Top of Input data
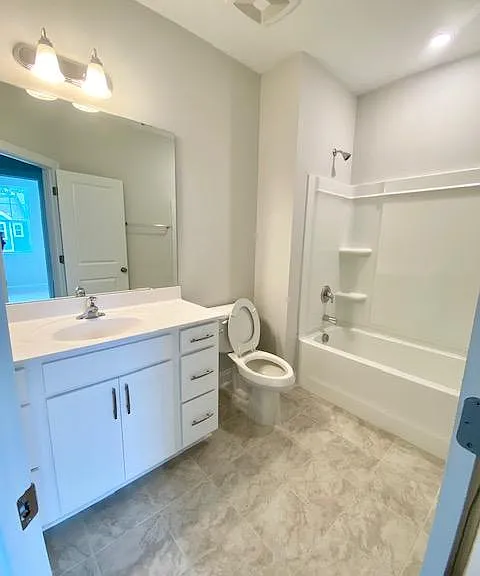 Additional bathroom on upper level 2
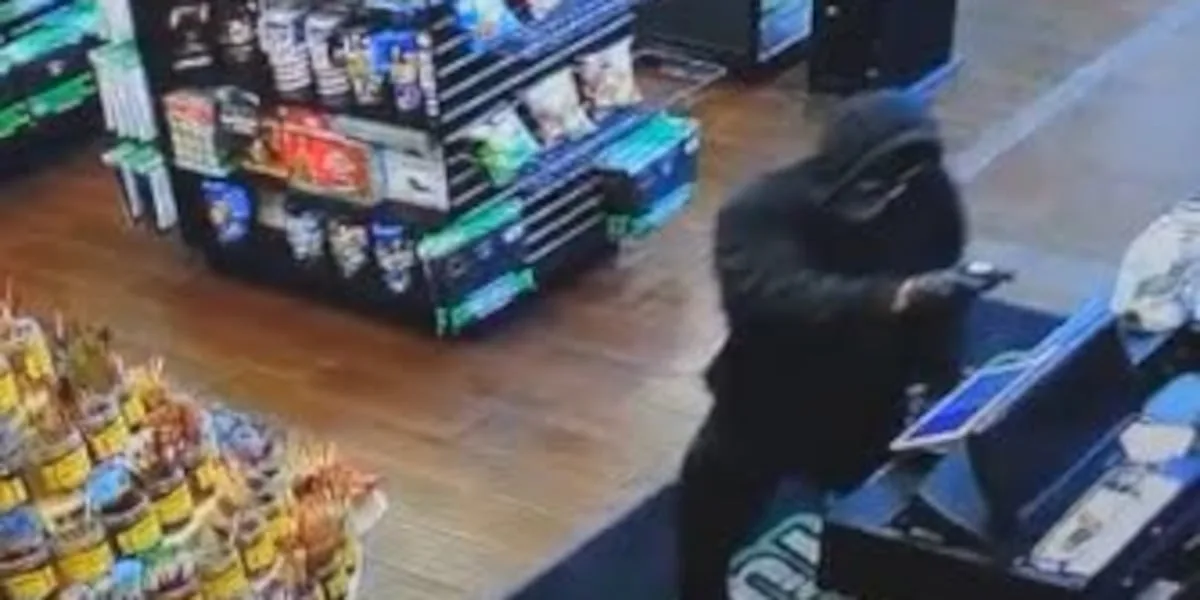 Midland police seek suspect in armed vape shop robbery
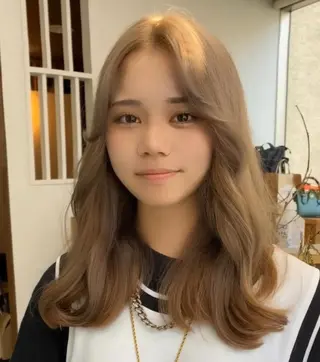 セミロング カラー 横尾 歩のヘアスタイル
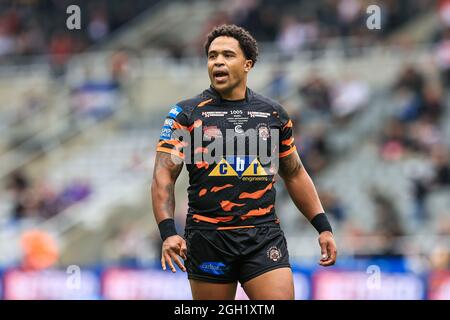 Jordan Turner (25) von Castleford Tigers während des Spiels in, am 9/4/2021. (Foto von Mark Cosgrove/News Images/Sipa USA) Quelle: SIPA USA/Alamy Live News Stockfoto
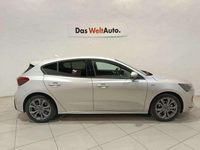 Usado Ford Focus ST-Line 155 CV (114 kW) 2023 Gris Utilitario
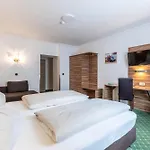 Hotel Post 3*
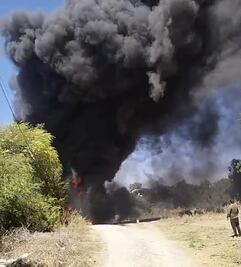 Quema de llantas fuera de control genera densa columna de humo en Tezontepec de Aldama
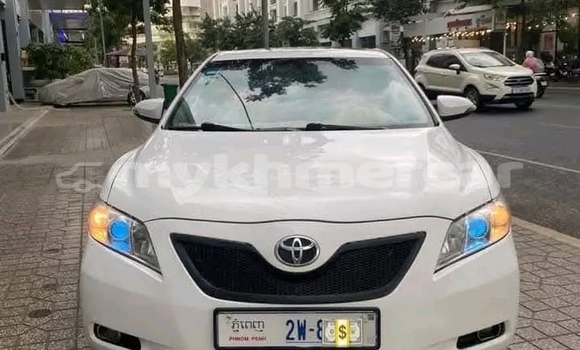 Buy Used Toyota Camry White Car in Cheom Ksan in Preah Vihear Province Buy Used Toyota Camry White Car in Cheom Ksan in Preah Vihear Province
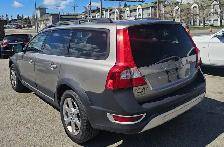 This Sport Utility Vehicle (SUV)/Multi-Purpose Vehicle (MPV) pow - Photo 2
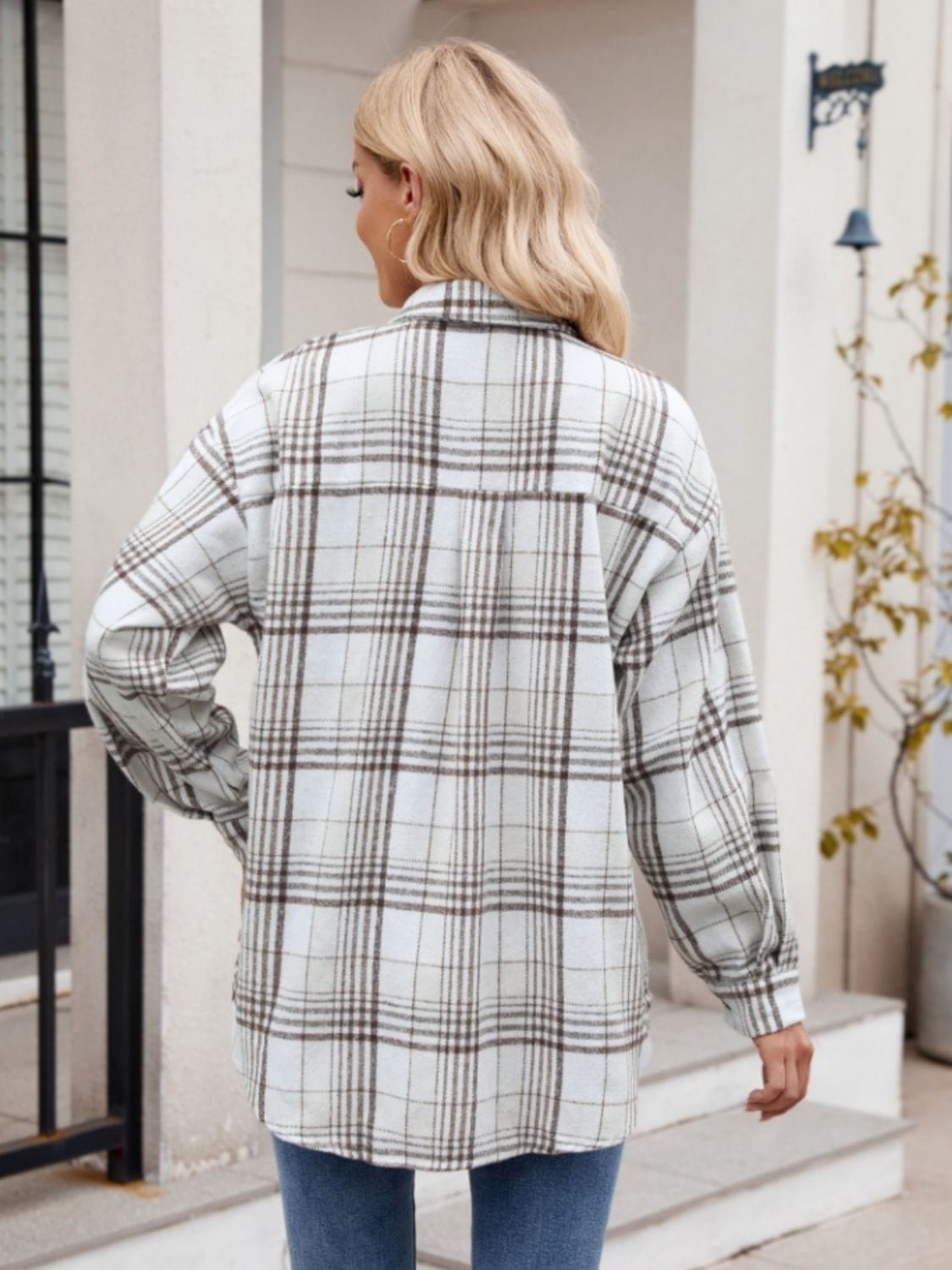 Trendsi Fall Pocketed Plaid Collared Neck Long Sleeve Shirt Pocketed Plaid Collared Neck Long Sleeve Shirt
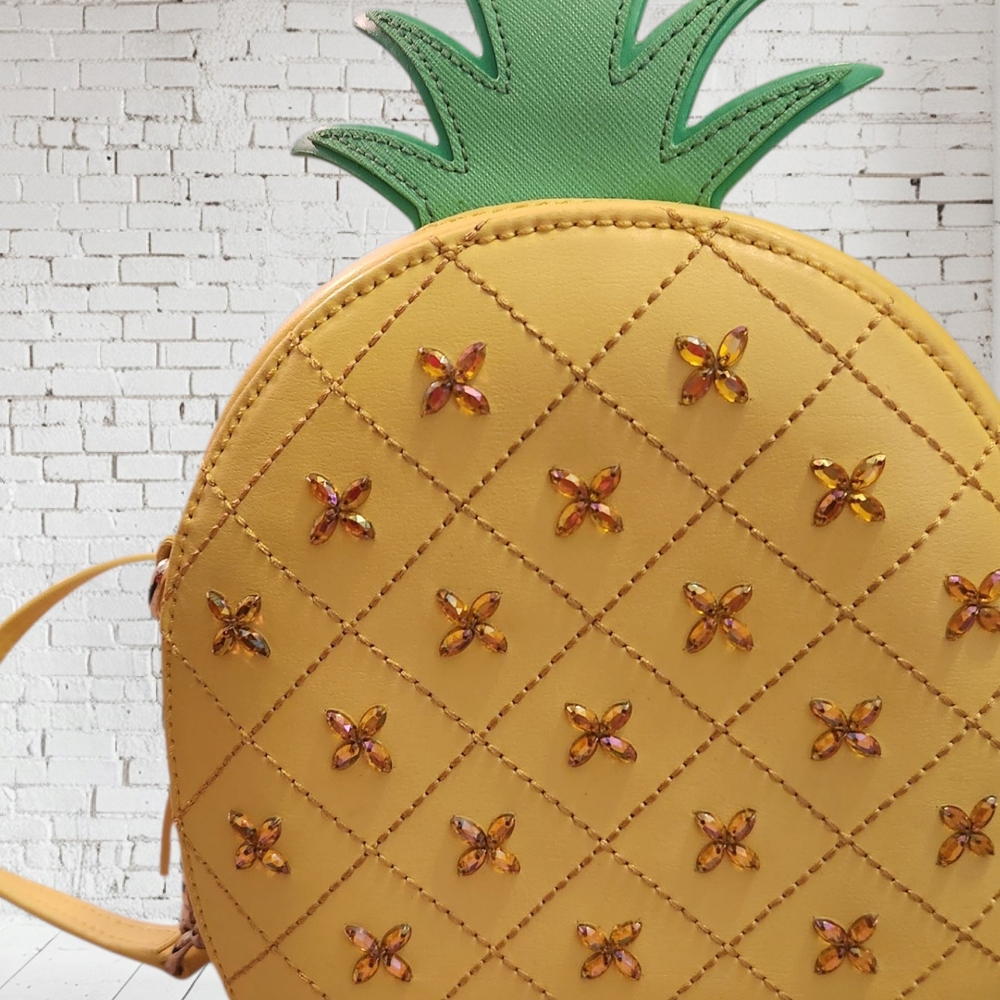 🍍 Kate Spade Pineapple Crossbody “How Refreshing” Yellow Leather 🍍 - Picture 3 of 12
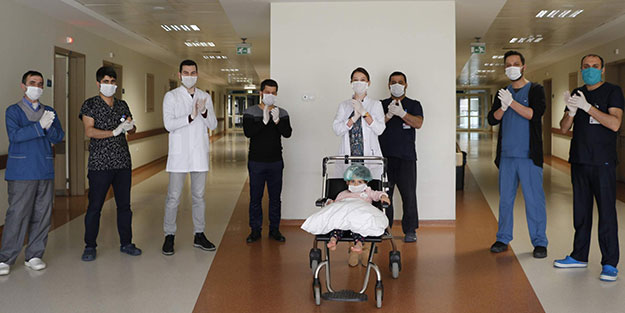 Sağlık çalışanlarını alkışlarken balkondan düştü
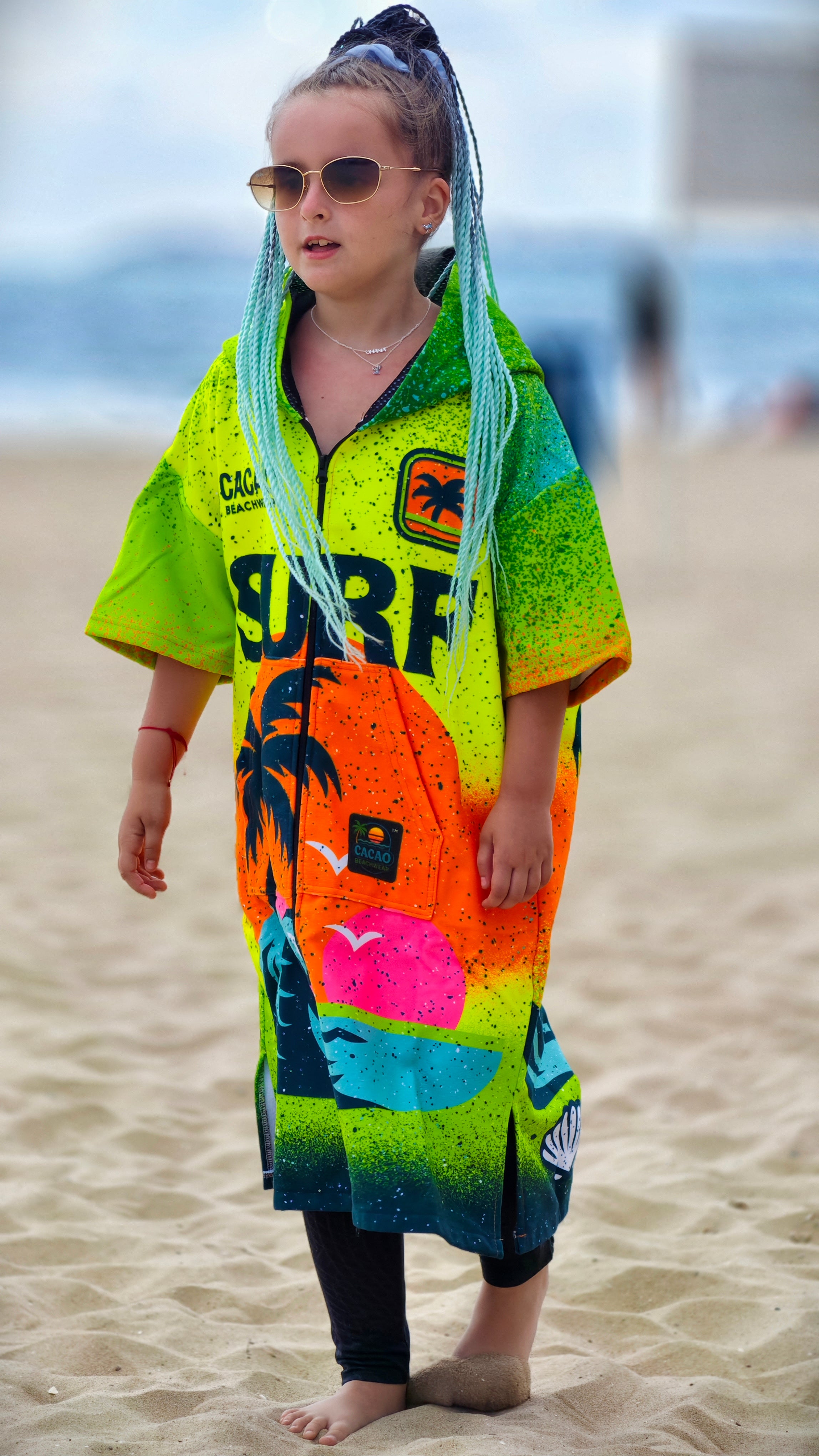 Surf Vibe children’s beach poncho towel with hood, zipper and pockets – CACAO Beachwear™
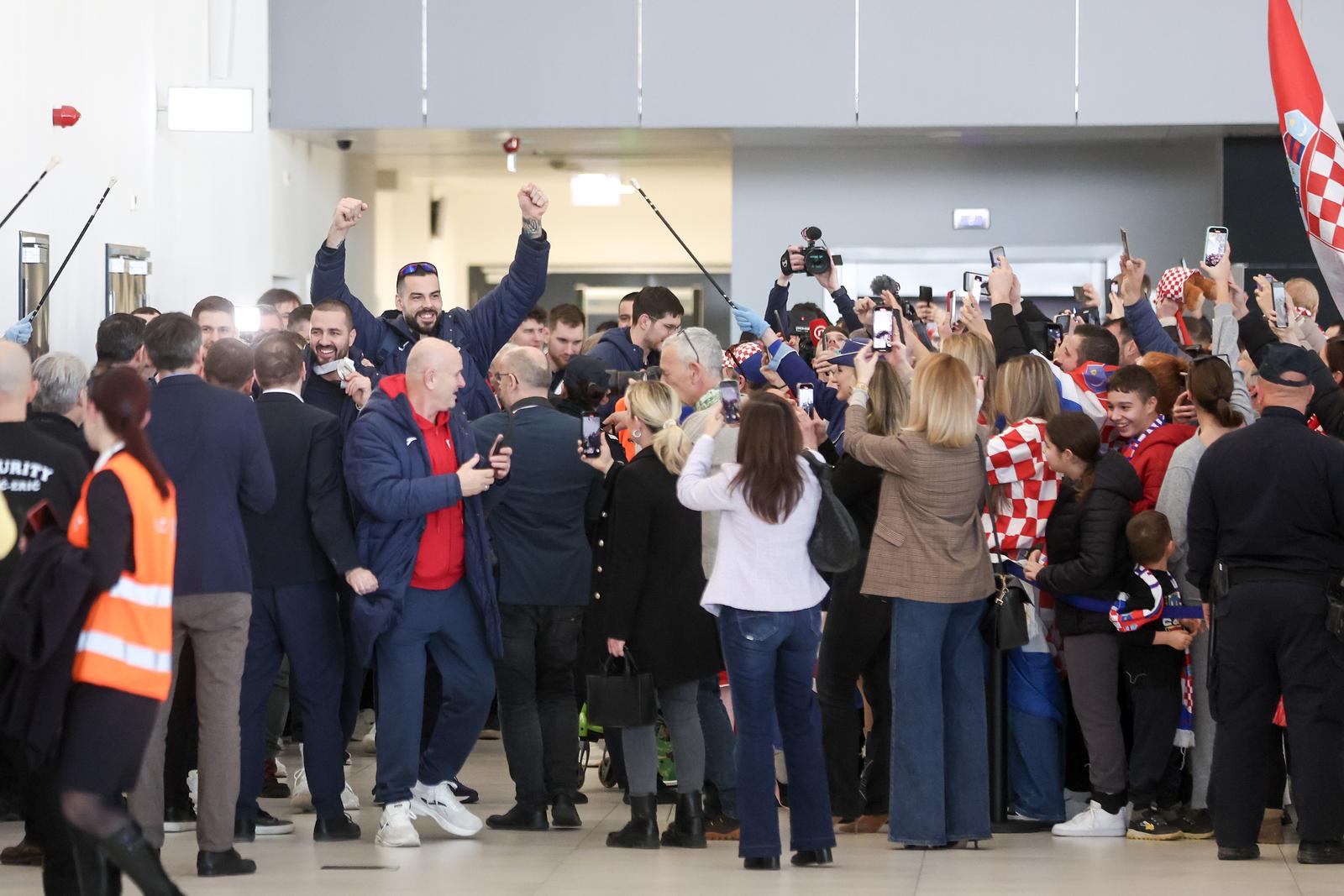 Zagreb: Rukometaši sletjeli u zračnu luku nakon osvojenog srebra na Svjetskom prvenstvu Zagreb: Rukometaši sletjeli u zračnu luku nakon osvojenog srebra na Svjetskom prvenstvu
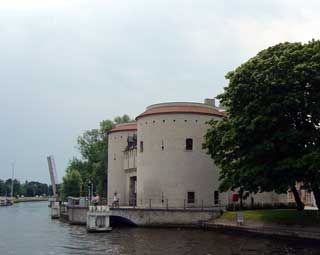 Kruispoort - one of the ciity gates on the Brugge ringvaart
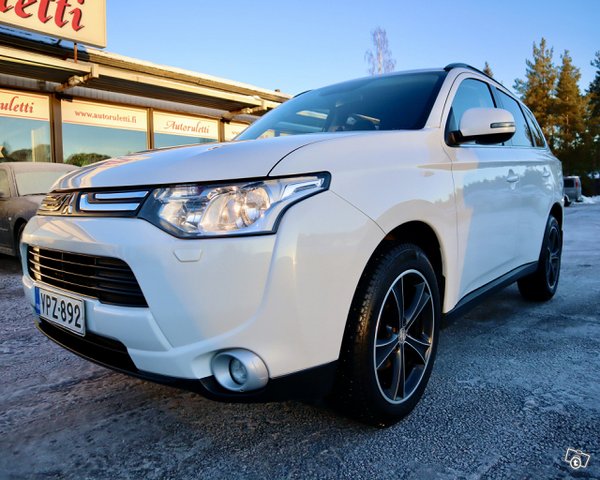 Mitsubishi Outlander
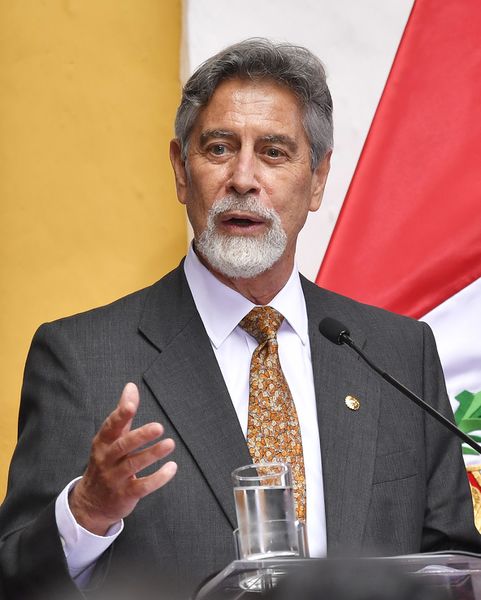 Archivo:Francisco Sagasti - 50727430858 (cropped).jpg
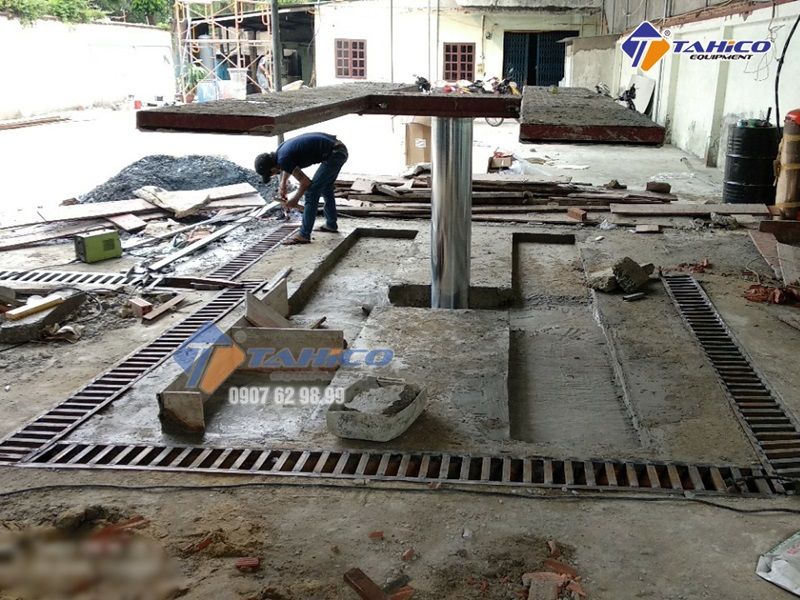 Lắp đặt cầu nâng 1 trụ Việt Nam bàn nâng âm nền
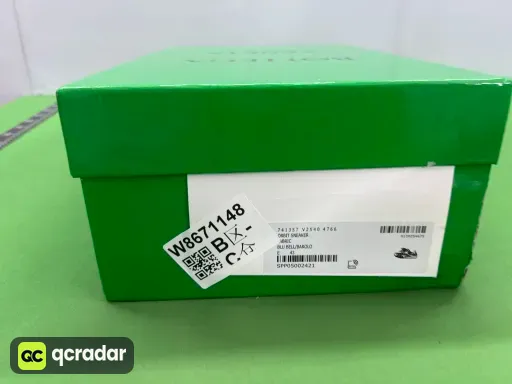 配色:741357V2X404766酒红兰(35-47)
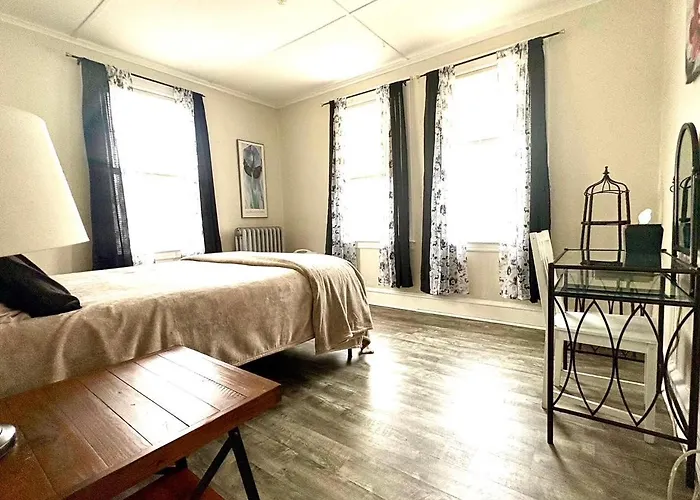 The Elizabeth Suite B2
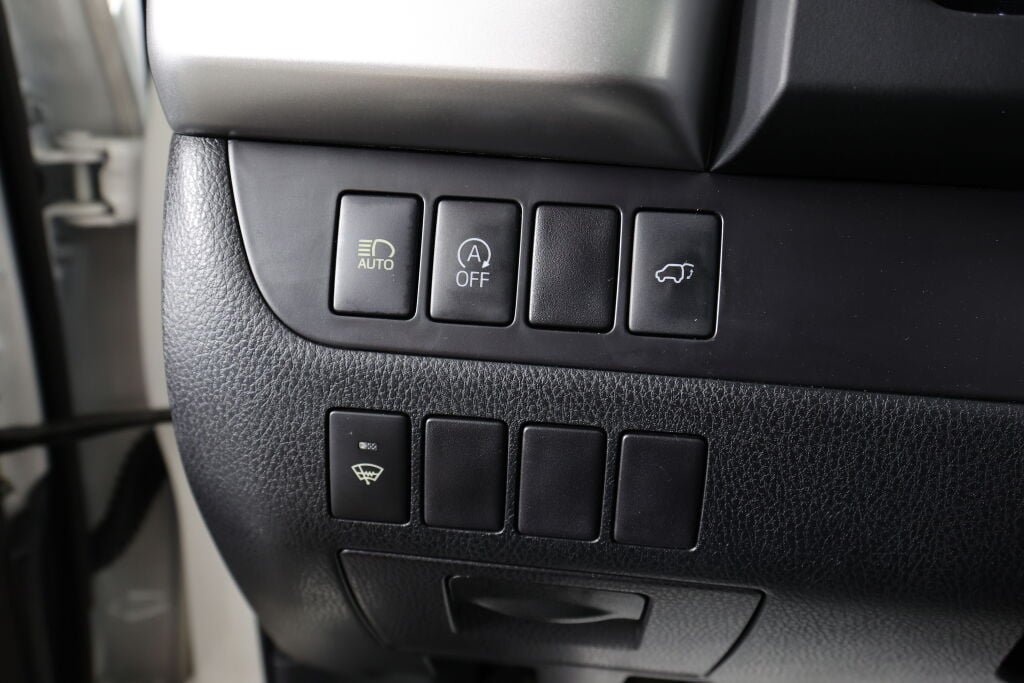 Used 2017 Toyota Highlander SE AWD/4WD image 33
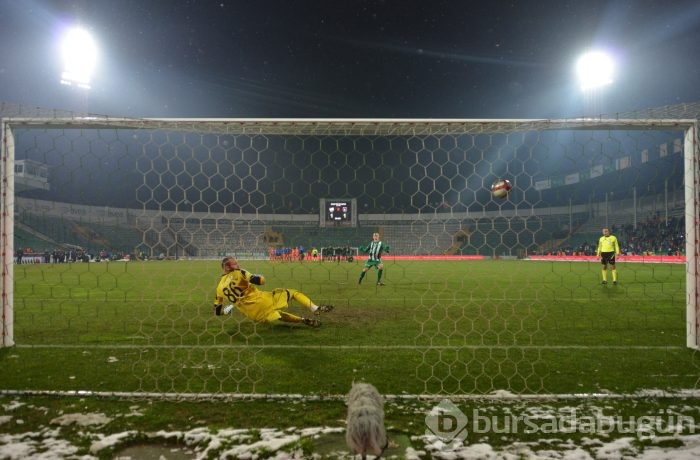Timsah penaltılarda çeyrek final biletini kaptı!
Bottom of Input data
→ **Work instructions**: Please transcribe each line above exactly, but leave the images out.

→ **Written reply**:
 Additional bathroom on upper level 2
 Midland police seek suspect in armed vape shop robbery
 セミロング カラー 横尾 歩のヘアスタイル
 Jordan Turner (25) von Castleford Tigers während des Spiels in, am 9/4/2021. (Foto von Mark Cosgrove/News Images/Sipa USA) Quelle: SIPA USA/Alamy Live News Stockfoto
 Usado Ford Focus ST-Line 155 CV (114 kW) 2023 Gris Utilitario
 Hotel Post 3*
 Quema de llantas fuera de control genera densa columna de humo en Tezontepec de Aldama
 Buy Used Toyota Camry White Car in Cheom Ksan in Preah Vihear Province Buy Used Toyota Camry White Car in Cheom Ksan in Preah Vihear Province
 This Sport Utility Vehicle (SUV)/Multi-Purpose Vehicle (MPV) pow - Photo 2
 Trendsi Fall Pocketed Plaid Collared Neck Long Sleeve Shirt Pocketed Plaid Collared Neck Long Sleeve Shirt
 🍍 Kate Spade Pineapple Crossbody “How Refreshing” Yellow Leather 🍍 - Picture 3 of 12
 Sağlık çalışanlarını alkışlarken balkondan düştü
 Surf Vibe children’s beach poncho towel with hood, zipper and pockets – CACAO Beachwear™
 Zagreb: Rukometaši sletjeli u zračnu luku nakon osvojenog srebra na Svjetskom prvenstvu Zagreb: Rukometaši sletjeli u zračnu luku nakon osvojenog srebra na Svjetskom prvenstvu
 Kruispoort - one of the ciity gates on the Brugge ringvaart
 Mitsubishi Outlander
 Archivo:Francisco Sagasti - 50727430858 (cropped).jpg
 Lắp đặt cầu nâng 1 trụ Việt Nam bàn nâng âm nền
 配色:741357V2X404766酒红兰(35-47)
 The Elizabeth Suite B2
 Used 2017 Toyota Highlander SE AWD/4WD image 33
Timsah penaltılarda çeyrek final biletini kaptı!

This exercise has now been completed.